— Problem statement —
Transcribe only the lines between the first line of the records and the line containing "大龟慢慢挺进女友闺蜜的小说：新一代SUV魅力无敌，闺蜜小说都为之倾倒-2", inclusive, exactly as written.

Crawled caption data
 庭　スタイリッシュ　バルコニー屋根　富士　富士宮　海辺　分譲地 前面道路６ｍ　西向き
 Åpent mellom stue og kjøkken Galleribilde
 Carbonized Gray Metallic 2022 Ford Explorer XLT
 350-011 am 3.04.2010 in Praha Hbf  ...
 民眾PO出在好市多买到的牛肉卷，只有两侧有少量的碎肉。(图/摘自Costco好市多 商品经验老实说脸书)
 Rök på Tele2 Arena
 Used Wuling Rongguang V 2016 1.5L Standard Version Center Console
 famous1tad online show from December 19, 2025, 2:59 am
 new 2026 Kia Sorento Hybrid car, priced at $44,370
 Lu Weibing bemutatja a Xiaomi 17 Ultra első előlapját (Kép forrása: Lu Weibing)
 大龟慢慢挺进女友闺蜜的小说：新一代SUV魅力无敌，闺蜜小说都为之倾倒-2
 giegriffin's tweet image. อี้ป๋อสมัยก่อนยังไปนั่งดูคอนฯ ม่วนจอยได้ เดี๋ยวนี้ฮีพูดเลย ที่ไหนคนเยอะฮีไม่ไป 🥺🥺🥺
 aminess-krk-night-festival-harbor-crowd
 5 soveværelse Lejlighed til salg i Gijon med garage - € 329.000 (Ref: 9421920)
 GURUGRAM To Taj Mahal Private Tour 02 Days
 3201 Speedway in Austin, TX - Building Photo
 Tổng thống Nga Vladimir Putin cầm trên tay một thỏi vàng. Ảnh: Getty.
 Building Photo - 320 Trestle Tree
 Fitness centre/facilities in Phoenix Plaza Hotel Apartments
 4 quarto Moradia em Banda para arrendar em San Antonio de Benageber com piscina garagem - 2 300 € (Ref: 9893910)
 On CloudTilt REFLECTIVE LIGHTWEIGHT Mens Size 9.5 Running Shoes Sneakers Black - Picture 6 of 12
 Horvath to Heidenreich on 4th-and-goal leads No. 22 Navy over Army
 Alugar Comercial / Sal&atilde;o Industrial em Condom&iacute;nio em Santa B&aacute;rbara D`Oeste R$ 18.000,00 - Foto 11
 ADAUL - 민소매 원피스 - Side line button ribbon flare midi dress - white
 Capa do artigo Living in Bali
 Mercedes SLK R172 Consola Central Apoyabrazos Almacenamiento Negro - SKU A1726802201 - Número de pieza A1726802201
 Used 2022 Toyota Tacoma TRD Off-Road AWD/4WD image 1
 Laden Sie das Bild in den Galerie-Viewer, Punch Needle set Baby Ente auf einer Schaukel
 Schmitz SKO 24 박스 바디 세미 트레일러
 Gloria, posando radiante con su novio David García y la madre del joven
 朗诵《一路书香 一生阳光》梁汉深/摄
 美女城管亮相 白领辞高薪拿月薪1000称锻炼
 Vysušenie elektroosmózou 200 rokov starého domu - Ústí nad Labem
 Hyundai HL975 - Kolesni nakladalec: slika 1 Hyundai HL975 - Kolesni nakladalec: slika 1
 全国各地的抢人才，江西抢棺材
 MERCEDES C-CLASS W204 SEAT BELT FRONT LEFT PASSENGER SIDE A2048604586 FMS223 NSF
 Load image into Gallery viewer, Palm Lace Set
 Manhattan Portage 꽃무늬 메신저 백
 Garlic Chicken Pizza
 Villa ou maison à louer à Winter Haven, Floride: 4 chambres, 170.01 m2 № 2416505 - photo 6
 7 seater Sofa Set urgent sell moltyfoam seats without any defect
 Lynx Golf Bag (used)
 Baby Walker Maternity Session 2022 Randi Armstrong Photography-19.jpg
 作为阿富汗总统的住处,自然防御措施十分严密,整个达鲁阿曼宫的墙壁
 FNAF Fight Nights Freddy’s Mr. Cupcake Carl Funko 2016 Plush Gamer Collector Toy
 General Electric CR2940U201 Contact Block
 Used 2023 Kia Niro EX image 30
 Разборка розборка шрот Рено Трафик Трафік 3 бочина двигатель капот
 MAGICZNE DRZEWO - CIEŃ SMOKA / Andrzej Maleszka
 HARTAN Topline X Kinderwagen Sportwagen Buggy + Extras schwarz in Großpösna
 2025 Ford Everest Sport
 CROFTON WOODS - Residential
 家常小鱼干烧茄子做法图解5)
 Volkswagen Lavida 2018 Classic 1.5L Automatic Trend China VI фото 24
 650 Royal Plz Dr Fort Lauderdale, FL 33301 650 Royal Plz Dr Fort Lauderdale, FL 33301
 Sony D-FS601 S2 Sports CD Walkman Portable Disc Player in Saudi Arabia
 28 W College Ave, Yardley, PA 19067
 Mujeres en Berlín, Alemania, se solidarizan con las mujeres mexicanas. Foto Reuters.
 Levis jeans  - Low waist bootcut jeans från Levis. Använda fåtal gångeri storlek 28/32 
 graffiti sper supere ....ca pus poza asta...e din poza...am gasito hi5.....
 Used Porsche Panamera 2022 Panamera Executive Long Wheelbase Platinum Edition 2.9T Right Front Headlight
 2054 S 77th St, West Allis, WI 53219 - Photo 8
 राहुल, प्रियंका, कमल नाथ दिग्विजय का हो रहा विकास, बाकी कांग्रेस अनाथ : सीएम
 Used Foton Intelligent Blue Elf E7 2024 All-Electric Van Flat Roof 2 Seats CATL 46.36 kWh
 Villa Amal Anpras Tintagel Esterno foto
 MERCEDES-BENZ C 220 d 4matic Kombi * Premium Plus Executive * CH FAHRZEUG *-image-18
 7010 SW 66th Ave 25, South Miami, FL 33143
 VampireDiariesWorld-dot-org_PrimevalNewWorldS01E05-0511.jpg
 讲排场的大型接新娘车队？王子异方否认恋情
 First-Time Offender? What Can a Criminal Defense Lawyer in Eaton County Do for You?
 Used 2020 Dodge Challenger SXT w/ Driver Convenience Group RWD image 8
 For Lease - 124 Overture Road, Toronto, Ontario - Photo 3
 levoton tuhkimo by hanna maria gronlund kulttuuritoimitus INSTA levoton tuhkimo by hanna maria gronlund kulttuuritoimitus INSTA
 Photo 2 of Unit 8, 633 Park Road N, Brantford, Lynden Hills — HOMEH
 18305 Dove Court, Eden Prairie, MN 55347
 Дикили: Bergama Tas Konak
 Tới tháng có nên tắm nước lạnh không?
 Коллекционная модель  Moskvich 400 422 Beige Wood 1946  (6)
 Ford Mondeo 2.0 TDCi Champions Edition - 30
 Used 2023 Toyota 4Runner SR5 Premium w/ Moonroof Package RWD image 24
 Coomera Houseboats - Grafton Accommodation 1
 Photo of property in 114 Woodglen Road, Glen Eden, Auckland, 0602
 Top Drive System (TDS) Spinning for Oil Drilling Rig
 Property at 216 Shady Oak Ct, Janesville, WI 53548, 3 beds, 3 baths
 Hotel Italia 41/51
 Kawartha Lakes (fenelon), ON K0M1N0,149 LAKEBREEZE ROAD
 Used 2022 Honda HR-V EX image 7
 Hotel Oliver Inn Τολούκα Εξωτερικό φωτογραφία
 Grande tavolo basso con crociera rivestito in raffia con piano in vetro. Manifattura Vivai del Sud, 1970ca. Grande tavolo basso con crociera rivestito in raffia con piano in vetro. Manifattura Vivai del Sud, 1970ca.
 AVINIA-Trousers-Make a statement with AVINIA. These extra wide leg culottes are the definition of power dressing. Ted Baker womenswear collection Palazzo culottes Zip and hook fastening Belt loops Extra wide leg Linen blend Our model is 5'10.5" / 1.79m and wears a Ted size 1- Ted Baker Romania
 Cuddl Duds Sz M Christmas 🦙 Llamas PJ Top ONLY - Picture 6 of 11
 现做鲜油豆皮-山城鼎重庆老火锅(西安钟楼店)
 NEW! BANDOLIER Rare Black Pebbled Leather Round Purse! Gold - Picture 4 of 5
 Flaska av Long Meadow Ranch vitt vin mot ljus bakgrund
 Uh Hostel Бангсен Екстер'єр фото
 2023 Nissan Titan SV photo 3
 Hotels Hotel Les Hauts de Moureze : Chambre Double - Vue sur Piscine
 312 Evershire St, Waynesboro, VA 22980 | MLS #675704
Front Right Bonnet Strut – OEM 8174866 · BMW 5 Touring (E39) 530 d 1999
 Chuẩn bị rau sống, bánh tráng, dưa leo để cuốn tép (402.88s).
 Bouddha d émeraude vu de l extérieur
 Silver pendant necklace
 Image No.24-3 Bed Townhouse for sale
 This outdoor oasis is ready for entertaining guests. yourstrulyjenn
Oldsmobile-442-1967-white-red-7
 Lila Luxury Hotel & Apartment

— Response area —
 庭　スタイリッシュ　バルコニー屋根　富士　富士宮　海辺　分譲地 前面道路６ｍ　西向き
 Åpent mellom stue og kjøkken Galleribilde
 Carbonized Gray Metallic 2022 Ford Explorer XLT
 350-011 am 3.04.2010 in Praha Hbf  ...
 民眾PO出在好市多买到的牛肉卷，只有两侧有少量的碎肉。(图/摘自Costco好市多 商品经验老实说脸书)
 Rök på Tele2 Arena
 Used Wuling Rongguang V 2016 1.5L Standard Version Center Console
 famous1tad online show from December 19, 2025, 2:59 am
 new 2026 Kia Sorento Hybrid car, priced at $44,370
 Lu Weibing bemutatja a Xiaomi 17 Ultra első előlapját (Kép forrása: Lu Weibing)
 大龟慢慢挺进女友闺蜜的小说：新一代SUV魅力无敌，闺蜜小说都为之倾倒-2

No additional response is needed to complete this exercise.